Arabic transcription(s)
- • Arabic: جبة الذيب
- • Latin: Jubbet adh-Dhib (official) Jub al-Dib (unofficial)
- Jubbet ad-Dib Location of Jubbet ad-Dib within Palestine
- Coordinates: 31°39′48″N 35°14′54″E﻿ / ﻿31.66333°N 35.24833°E
- Palestine grid: 173/119
- State: State of Palestine
- Governorate: Bethlehem
- Founded: 1929

Government
- • Type: Local Development Committee
- • Head of Municipality: Riad Khamis

Area
- • Total: 0.4 km^{2} (0.15 sq mi)

Population (2017)
- • Total: 144
- • Density: 360/km^{2} (930/sq mi)
- Name meaning: "the Well of Wolves"

= Jubbet ad-Dib =

Jubbet ad-Dib (جبة الذيب, also spelled Jubbet adh-Dhib) is a small Palestinian village in the central West Bank, part of the Bethlehem Governorate. It is located about 6.5 kilometers southeast of Bethlehem and is just east of the Palestinian town of Jannatah and north of the Israeli settlement Kfar Eldad. Its lands border on the settlement of Havat Sdeh Bar. It had a population of 144 according to the 2017 census by the Palestinian Central Bureau of Statistics (PCBS). Jubbet ad-Dib has a total land area of 402 dunams, of which 8 constitute as built-up area, and is situated at an altitude of 628 meters above sea level.

==History==
The village was established in 1929 by Bedouin Arabs who had previously lived and grazed their livestock there. The inhabitants were part of the Bani Harb tribal confederation based in the Arabian Peninsula. The village name translates as "the Well of the Wolves." Currently, Jubbet ad-Dib's population mostly belong to one clan, al-Wahsh. There is one mosque in the village, the Hamza
Bin Abd al-Muttalib Mosque.

The men of the village mainly work as construction labourers in Israel, and commuting through the Separation fence is time consuming, -rising at 3 a.m. and returning only in the evening, so that they are frequently absent during the working week. Tired of waiting the women eventually organized their own solution. In 2002 the Palestinian National Authority (PNA) established a five-member local development committee to administer Jubbet adh-Dhib. The PNA appoints all members and there is no headquarters for the committee in the village itself. In recent years the village has relied on the leadership of the Women's Committee, which has successfully found international and donors of a school, a school bus, a solar heating system, and solar electricity, infrastructure which has also benefited from the aid and assistance of local NGOs, such as the Israel-Palestinian Comet-ME since 2016, and the Bimkom group of Israeli planners, who helped map the village confines.

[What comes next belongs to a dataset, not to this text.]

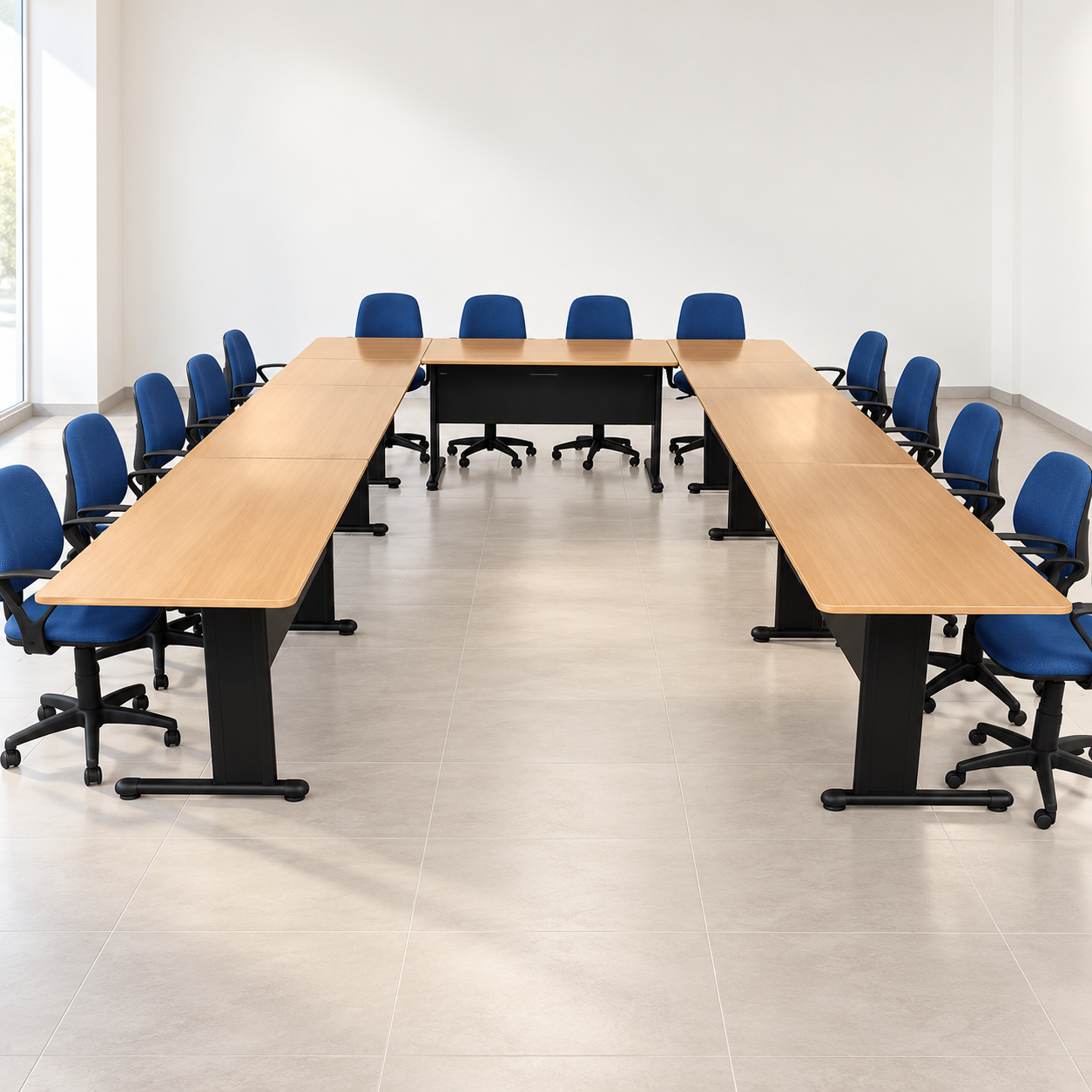 Mobiliario de reunión dispuesto en U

==Economy and infrastructure==
About 70% of Jubbet ad-Dib's employed workforce work in the Israeli labor market. The remainder largely work in agriculture. The unemployment rate in 2008 was 16%. According to one elderly woman's memory, the villagers first asked to be linked up to a power grid in the 1970s, but in the end it required 40 years to get a connection. According to a report by Human Rights Watch (HRW), Jubbet ad-Dib's local administration first applied to be connected to the Israeli electricity grid in 1988. Israeli authorities repeatedly denied the village electricity, as the village is under Israeli administrative control in "Area C." The village did not have paved roads connecting it to other Palestinian occupied localities. Children were required to walk down muddy tracks to get to a nearby school. Residents cannot afford vehicles; most residents who need services walk for transportation. By 2008, there were no schools or government institutions in the village, most services were provided by nearby towns such as Beit Ta'mir and Za'atara.

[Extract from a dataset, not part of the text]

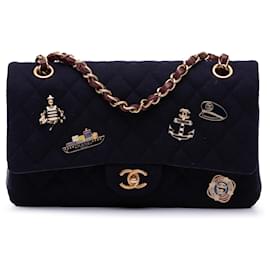 Chanel-Chanel Blue Medium Classic Wool Paris-Hamburg Charms Double Flap-Blue,Dark blue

The Netherlands eventually provided the funds for the solar power system. Nine months after its installation, the Israel military government, together with the IDF confiscated the panels in late June 2017 on the grounds that they had been installed without an Israeli permit. The loss of the equipment, consisting of 96 solar panels and electronic equipment, resulted in the loss of electricity for the 30 families living in the village. The original donor, the Netherlands government, protested the confiscation and, after three months, in October, the equipment was returned. The Dutch later said they would continue projects to help Palestinians, with or without Israeli permission.

On 2a2 August 2017, six EU-donated steel cabins serving as a school in the area were demolished or removed along with school equipment by Israeli authorities on the day before school term started. This, and other destruction of Palestinian educational facilities by Israel, were condemned by France. The school served 64 villager children, and a replacement structure was erected within days, successfully, by Bethlehem activists, despite an incursion by Israeli troops who attempted to use tear gas to disperse the workers.

The model the women have developed has improved women's status in the village, and they are frequently called on for advice on broader regional problems of development.